Exactly the lines from the line that has "Ventilador de Teto" through the final line below are to be retyped, and the pictures are not.

RECORDS TO USE:
━━━━━━━━

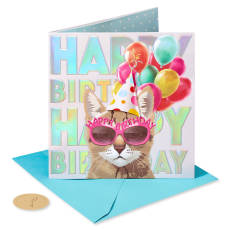 One Cool Cat Birthday Greeting Card Image 4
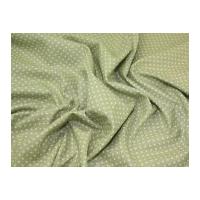 Spotty Cotton Canvas Dress Fabric Mint Green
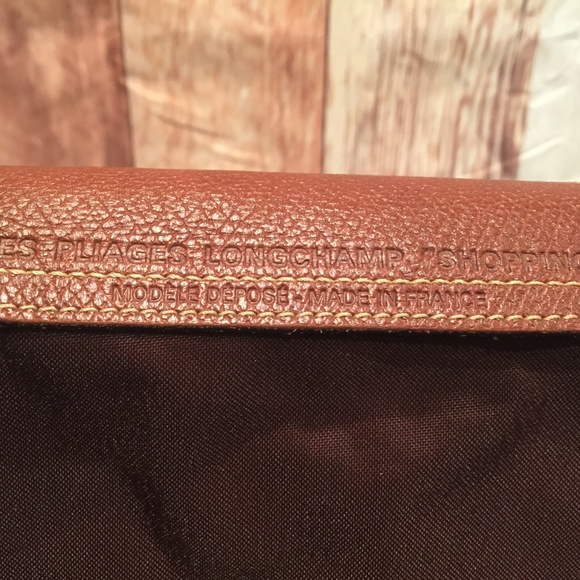 Longchamp Pliage Nylon Brown Shopping Tote Small - Picture 3 of 8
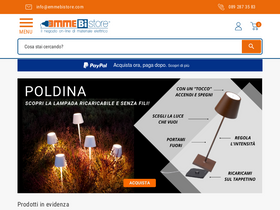 'emmebistore.com' screenshot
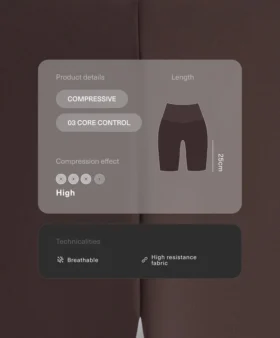 Hoch geschnittene, Compressive Core Control Cycle Leggings mit 25 cm Bundhöhe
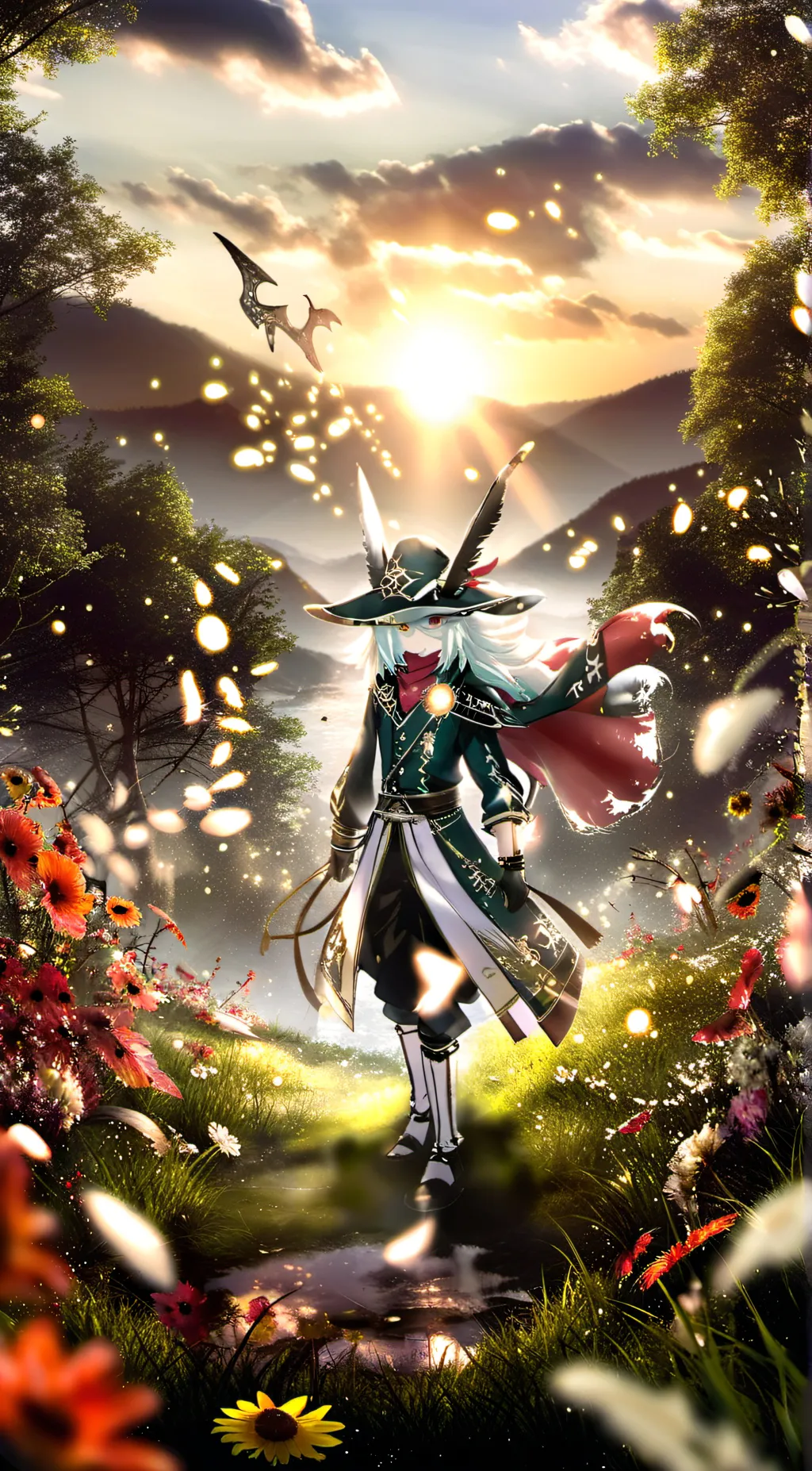 ai character: Lila background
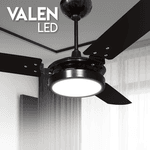 Ventilador de Teto Valen LED 150W 3 Pás Preto 127V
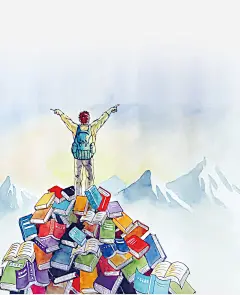 知识卡通形象_新图网 https://ixintu.com 知识卡通形象 知识巅峰 教育海报元素 知识教育 卡通教育形象 孩子渴望知识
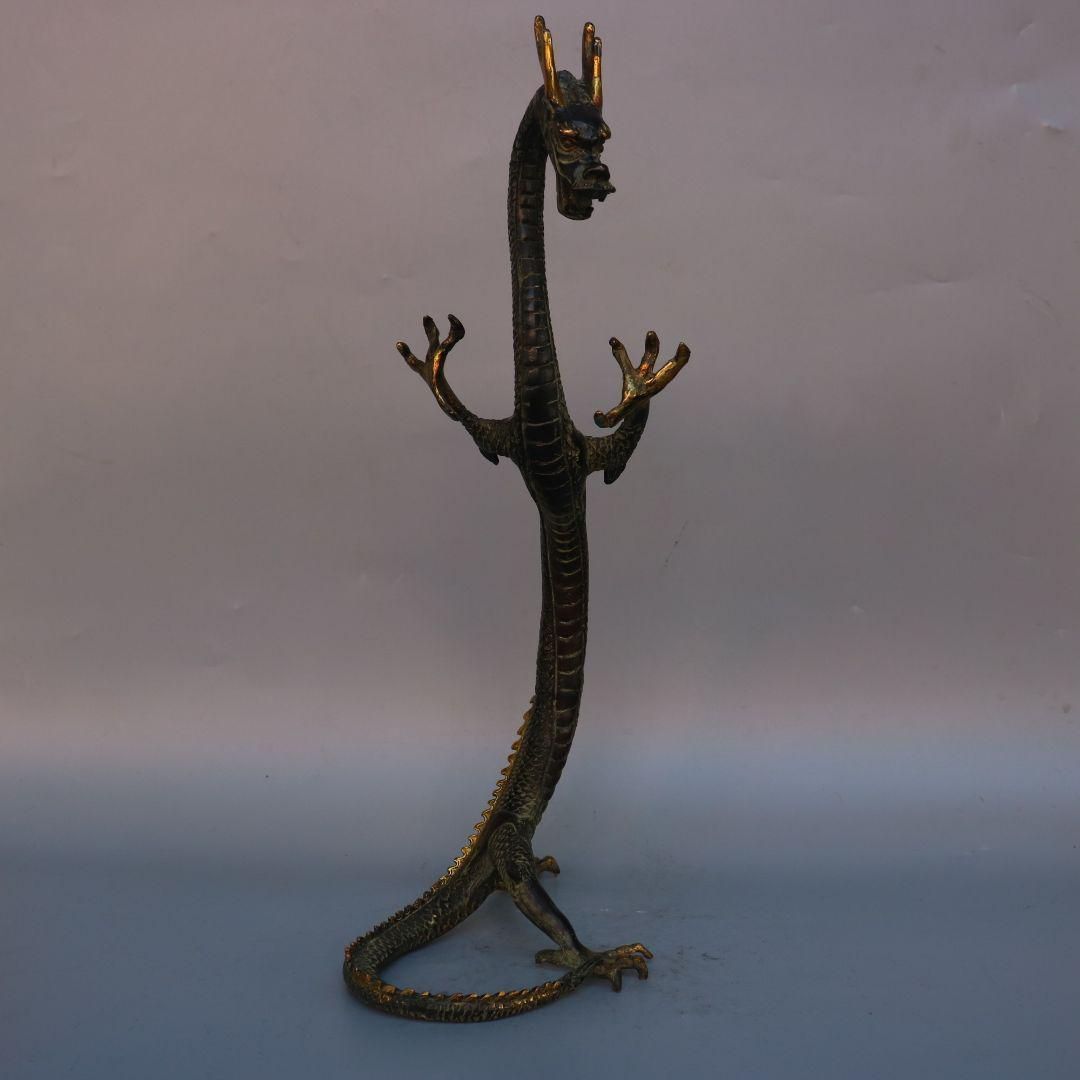 竜 銅 細工 装飾品 工芸品 美術品 置物 【公式通販】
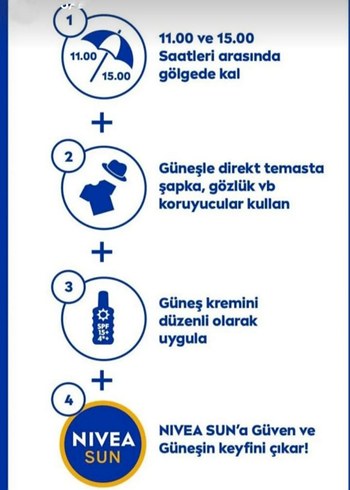 NIVEA Sun Koruma & Nem SPF30 Güneş Losyonu 200 ml - Görsel 4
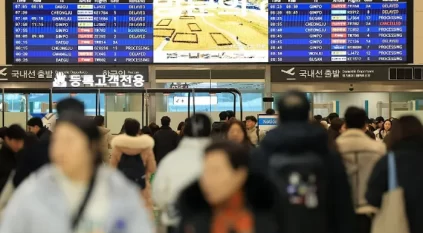 الحرارة 11 تحت الصفر.. الأحوال الجوية تلغي مئات الرحلات في كوريا الجنوبية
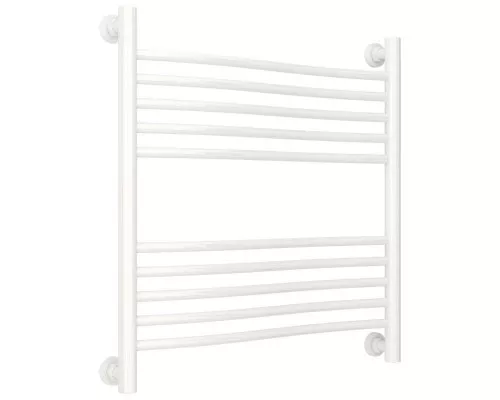 Приобрести Полотенцесушитель водяной 600х600 белый глянец Сунержа Флюид+ 12-0222-6060 в магазине сантехники Santeh-Crystal.ru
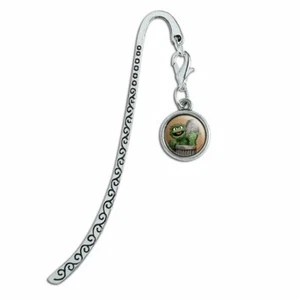 Sesame Street Vintage Oscar the Grouch Metal Bookmark Page Marker with Charm - Imagen 1 de 5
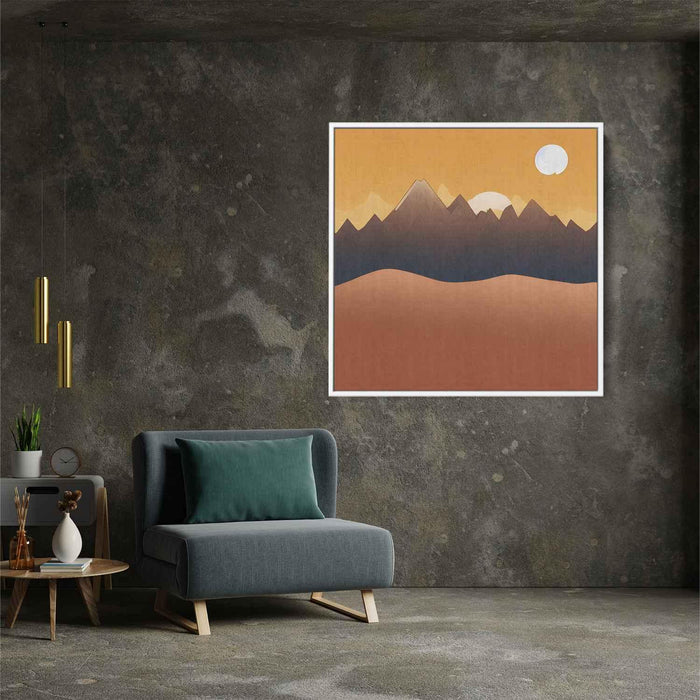 Line Art Desert Mountains #010 - Kanvah
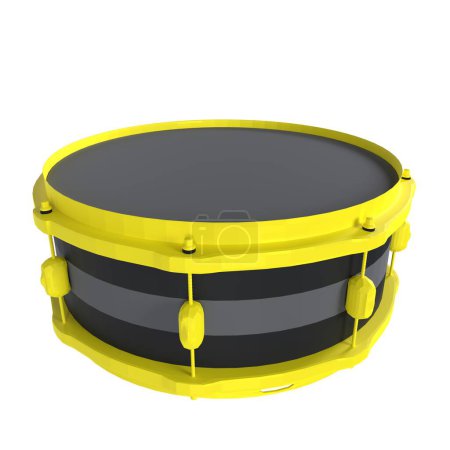 Drum isolated on white background. High quality 3d illustration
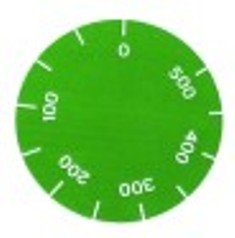 segnalino per manopola termostato t. mass. 500°c diametro  est. 42mm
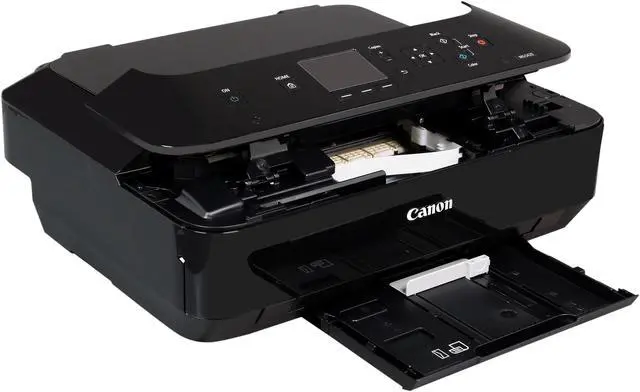 Alt view image 8 of 9 - Canon PIXMA MG5420 (Black) Wireless Color Multifunction Inkjet Printer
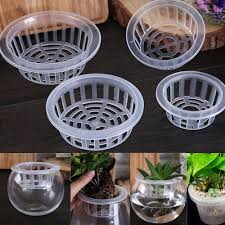 Plastic Mesh Pot Net Cloning Basket Hydroponic Aquarium Insert Plant Root Growth Home Garden Yard Garden Outdoor Liv Hidroponik Tanaman Pot Tanaman Air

━━━━━━━━

RESPONSE AREA:
 Ventilador de Teto Valen LED 150W 3 Pás Preto 127V
 知识卡通形象_新图网 https://ixintu.com 知识卡通形象 知识巅峰 教育海报元素 知识教育 卡通教育形象 孩子渴望知识
 竜 銅 細工 装飾品 工芸品 美術品 置物 【公式通販】
 NIVEA Sun Koruma & Nem SPF30 Güneş Losyonu 200 ml - Görsel 4
 الحرارة 11 تحت الصفر.. الأحوال الجوية تلغي مئات الرحلات في كوريا الجنوبية
 Приобрести Полотенцесушитель водяной 600х600 белый глянец Сунержа Флюид+ 12-0222-6060 в магазине сантехники Santeh-Crystal.ru
 Sesame Street Vintage Oscar the Grouch Metal Bookmark Page Marker with Charm - Imagen 1 de 5
 Line Art Desert Mountains #010 - Kanvah
 Drum isolated on white background. High quality 3d illustration
 segnalino per manopola termostato t. mass. 500°c diametro  est. 42mm
 Alt view image 8 of 9 - Canon PIXMA MG5420 (Black) Wireless Color Multifunction Inkjet Printer
 Plastic Mesh Pot Net Cloning Basket Hydroponic Aquarium Insert Plant Root Growth Home Garden Yard Garden Outdoor Liv Hidroponik Tanaman Pot Tanaman Air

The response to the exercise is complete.